Work required: Nothing but the lines from the one with "2017 - kia k3" through the final line of the entries should appear in the answer, copied exactly and without pictures.

------------------------------------------------------------------------

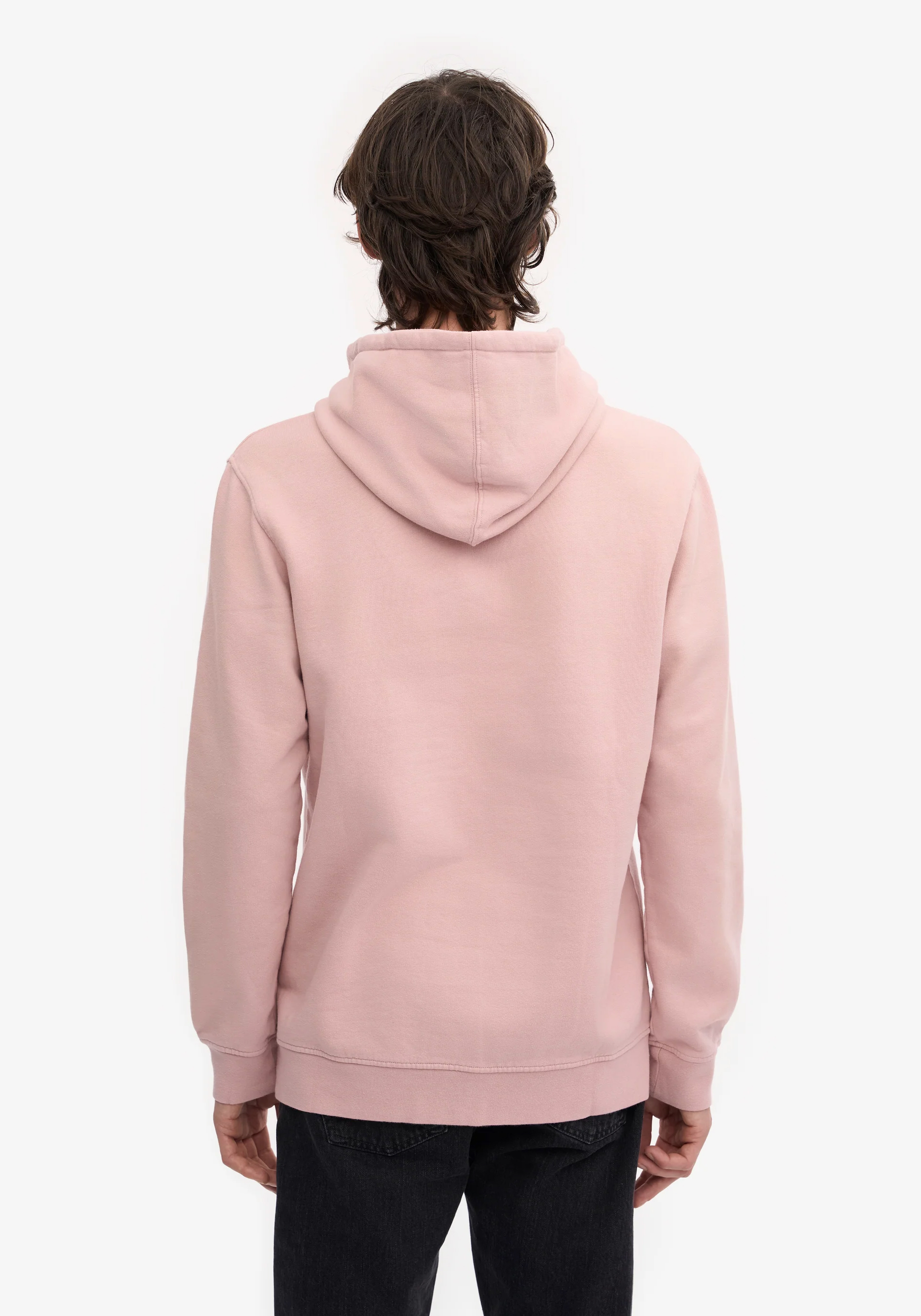 Colorful Standard Hoodie Steel Blue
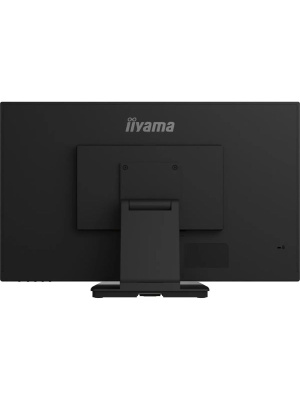 ������� Iiyama 27" ProLite T2754MSC-B2AG ������ IPS LED 4ms 16:9 HDMI M/M ��������� HAS 1000:1 300cd 178��/178�� 1920x1080 75Hz VGA DP FHD USB Touch 2.9��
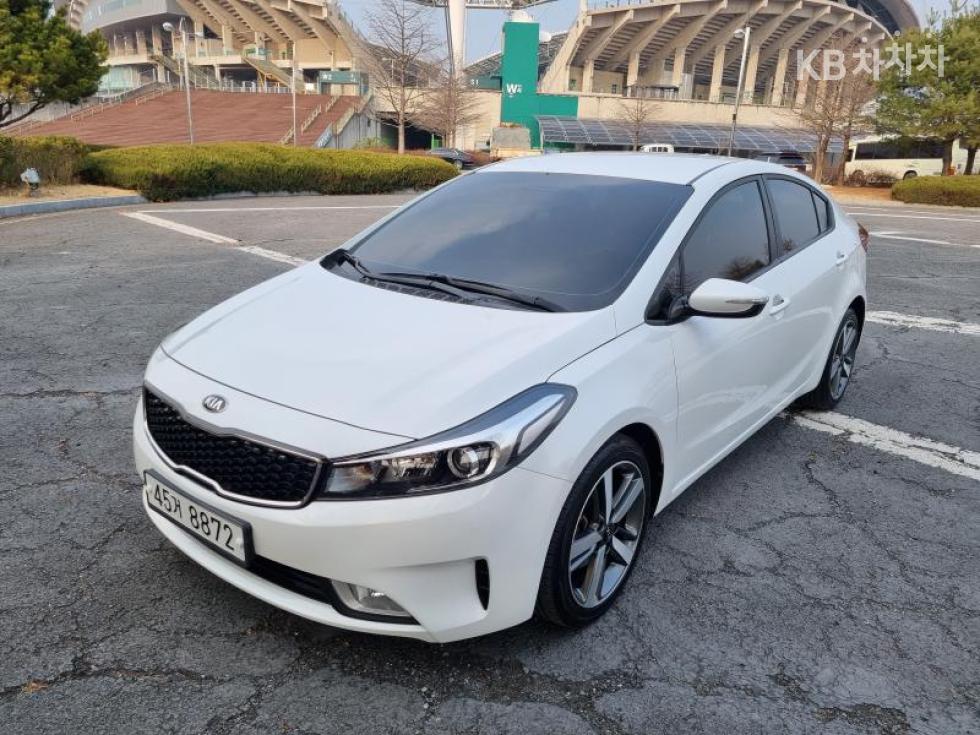 2017 - kia k3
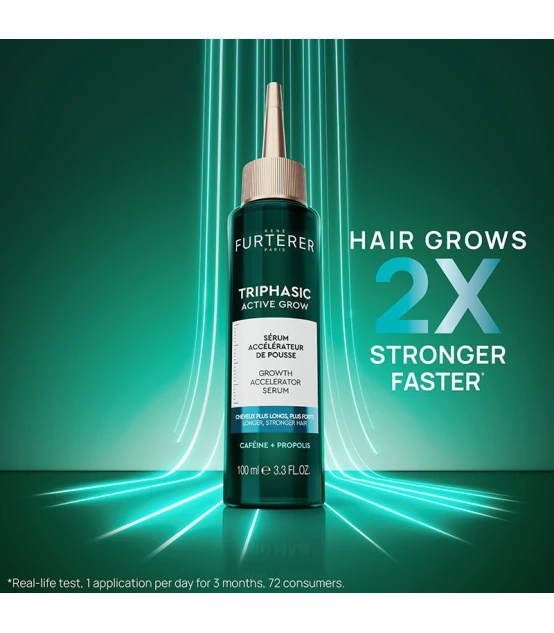 Triphasic Active Grow Growth Accelerator Serum 100ml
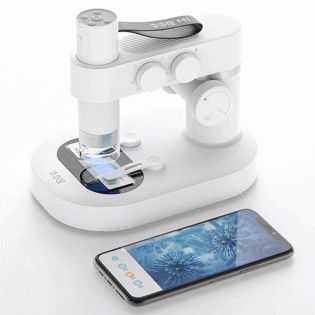 Racoon Intelligent Electronic Microscope (DDL-M1)
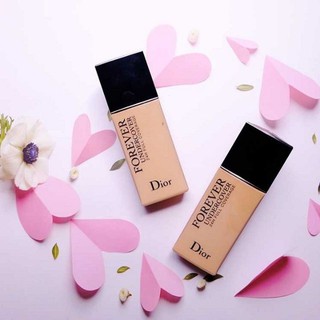 Kem Nền Dior Forever Undercover 24h Full Coverage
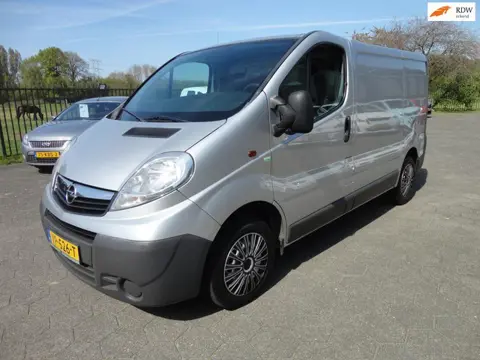Opel Vivaro 2.0 CDTI L1H1 MARGE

------------------------------------------------------------------------

Solved problem:
 2017 - kia k3
 Triphasic Active Grow Growth Accelerator Serum 100ml
 Racoon Intelligent Electronic Microscope (DDL-M1)
 Kem Nền Dior Forever Undercover 24h Full Coverage
Opel Vivaro 2.0 CDTI L1H1 MARGE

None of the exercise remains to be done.